A prominent Islamic scholar who exhorted his followers after the Sept. 11 attacks to join the Taliban and fight U.S. troops was sentenced Wednesday to life in prison.
Ali al-Timimi of Fairfax was convicted in April of soliciting others to wage war against the United States, inducing others to aid the Taliban, and inducing others to use firearms in violation of federal law.
The cleric addressed the court for ten minutes before his sentencing.
"I will not admit guilt nor seek the court's mercy. I do this simply because I am innocent," al-Timimi said.
Assistant U.S. Attorney Gordon Kromberg said al-Timimi "hates the United States" and has called for its destruction.
"He's allowed to do that in this country," Kromberg said. "He's not allowed to solicit treason. He deserves every day he gets."
U.S. District Judge Leonie Brinkema said the evidence supported the mandatory life sentence. The judge had earlier left open the possibility that she would toss out some of the counts.
About 50 supporters were in court for al-Timimi, who waved to his wife as he was escorted from court. She declined to comment.
Prosecutors portrayed al-Timimi, a native U.S. citizen, as having "rock star" status among his followers, who frequently heard his lectures at a small mosque in Falls Church, Va., a sprawling Washington, D.C. suburb.
In particular, prosecutors said, the defendant wielded enormous influence among a group of young Muslim men in northern Virginia who played paintball games in 2000 and 2001. Authorities said they were a "Virginia jihad network" training for holy war around the globe.
Nine members of the group have been convicted for their roles in the conspiracy, with prison terms ranging from three years to life.

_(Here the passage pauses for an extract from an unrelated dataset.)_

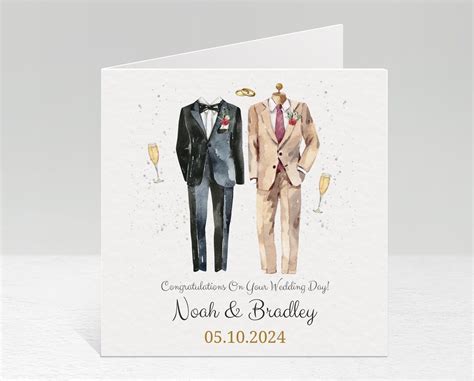 Personalised Wedding Card Lgbt Same Sex Wedding Mr And Mr His His Gay Marriage Card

Al-Timimi's lawyers argued that their client merely suggested that Muslims may want to leave the United States after Sept. 11 because of the potential for a backlash against them.

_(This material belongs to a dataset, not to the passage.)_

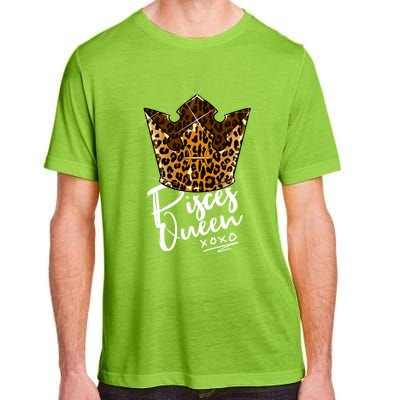 Leopard Pisces Queen Zodiac Sign With Leopard Pattern Crown Gift Adult ChromaSoft Performance T-Shirt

But he was accused of telling a group of young Muslim men just days after the attack that an apocalyptic battle between Muslims and nonbelievers was at hand and that Muslims were obligated to engage in holy war. He told the group that defense of the Taliban was a requirement and that U.S. troops were a legitimate target, according to court testimony.
Several of the men who heard Al-Timimi's speech traveled days later to Pakistan and began training with a militant Islamic group called Lashkar-e-Taiba, officials said. Some testified that their goal was to obtain training that would allow them to fight alongside the Taliban, though none actually made it to Afghanistan.